The AKM 4393 dac isn't that bad. An outboard dac for 4-500 dollars will definitely sound better depending on your system of course. The best thing to do is try it and see how you like it. I had actually been quite impressed that the dac in it is as good as it is. My preference though is for my Bel Canto DAC 1.1.
As Warnerwh said, the best thing to do is try it and see how you like it. A couple thoughts:
The equalization/room correction feature may be so beneficial that it outweights some loss in ultimate sound quality.
This is an amazing piece of equipment. You can use it a DAC, an ADC, a sound meter, etc.
Given its relatively low price, it is really a fun gear to experiement with.
Street, Yes you can put it there, but you would be taking your CDP's DACs out of a meaningful role, because the DEQ2496 is a digital equalizer, not an analog equalizer. The DEQ would convert the analog signal from your CDP to a digital signal, perform the equalization operations, and then convert the equalized digital signal back to analog and send it on to your integrated. The critical D-to-A function would be performed by the DEQ, not your CDP.
Streetdaddy...If you want to use the Behringer for all sources (not just CDs) you would put it in the Tape loop of your preamp. When you do this you can switch it in and out of the signal path and decide for yourself if there is any degradation in sonic quality, and if there is, does the room correction done by the Behringer more than make up for it.
If you only listen to CDs, feed the Behringer a digital signal from the CDP. The Behringer D/A are also "well regarded". But only your opinion matters.
If you use the digital out, your CDP will have no significant role. If you go the A/D - EQ - D/A route, you CDP will still have a significant role but may be hampered by the conversions.
I think many people want to know how exactly the A/D and D/A conversions degrade the sound. Please share your experience you do give it try.
I am only using the digital functions of the DEQ, so I don't know how its DAC performs. I also don't know how the DAC in your Exemplar performs. However, a lot of what you paid for the Exemplar went into providing a nice, tube analog output section after the DAC. If you used the DEQ to provide digital equalization and output an analog signal to your integrated, you'd bypass all that. You probably wouldn't be using most of what makes the Exemplar more than the Denon 2900. Unfortunately, it seems like going with the DEQ may not be very compatible with taking advantage of the Exemplar's strengths.
Streetdaddy...If your integrated amp has a TAPE loop (TAPE OUT and TAPE IN rca connectors) it would be obvious. If it has PRE OUT and AMP IN connectors (probably connected by jumpers) you could put it there. If all else fails you can put it between your CDP and the amp, but then it is available only when you use the CDP.
Drubin...An Optical-to-Coax converter can be found at www.partsexpress.com item 180-961.

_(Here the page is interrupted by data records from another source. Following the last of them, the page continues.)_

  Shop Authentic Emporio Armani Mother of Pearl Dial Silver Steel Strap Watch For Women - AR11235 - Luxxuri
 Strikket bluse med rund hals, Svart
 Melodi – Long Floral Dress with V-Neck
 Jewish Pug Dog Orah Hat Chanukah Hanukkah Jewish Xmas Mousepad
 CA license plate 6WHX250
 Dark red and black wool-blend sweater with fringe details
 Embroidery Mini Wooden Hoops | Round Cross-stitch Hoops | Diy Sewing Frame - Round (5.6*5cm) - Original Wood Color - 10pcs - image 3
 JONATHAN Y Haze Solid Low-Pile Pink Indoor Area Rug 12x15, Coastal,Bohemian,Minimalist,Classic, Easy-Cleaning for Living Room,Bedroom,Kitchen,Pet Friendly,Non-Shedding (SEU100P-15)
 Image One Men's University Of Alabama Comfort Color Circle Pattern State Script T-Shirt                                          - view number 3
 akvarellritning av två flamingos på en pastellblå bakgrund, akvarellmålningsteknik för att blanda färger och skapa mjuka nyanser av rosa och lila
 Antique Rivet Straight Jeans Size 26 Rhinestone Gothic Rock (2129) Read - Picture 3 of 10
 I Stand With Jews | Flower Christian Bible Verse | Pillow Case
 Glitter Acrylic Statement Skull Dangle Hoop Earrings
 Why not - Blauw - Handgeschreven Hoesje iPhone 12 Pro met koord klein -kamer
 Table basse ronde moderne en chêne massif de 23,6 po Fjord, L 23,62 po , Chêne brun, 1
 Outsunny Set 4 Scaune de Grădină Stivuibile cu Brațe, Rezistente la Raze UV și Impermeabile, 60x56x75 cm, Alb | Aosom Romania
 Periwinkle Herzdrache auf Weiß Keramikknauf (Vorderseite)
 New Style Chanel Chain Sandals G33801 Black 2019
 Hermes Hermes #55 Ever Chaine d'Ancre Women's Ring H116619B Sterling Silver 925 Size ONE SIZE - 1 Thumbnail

However, reading the DEQ2496 manual, I see that the digital output which is on an XLR connector can be switched between the professional format, AES/EBU, and the consumer format S/PDIF. You select the format using the I/O menu of the DEQ2496. It says that you can use an adapter to go from XLR to RCA for the digital output. Nothing is said about how this adapter is wired. I would get a standard balanced XLR to unbalanced RCA and give it a try.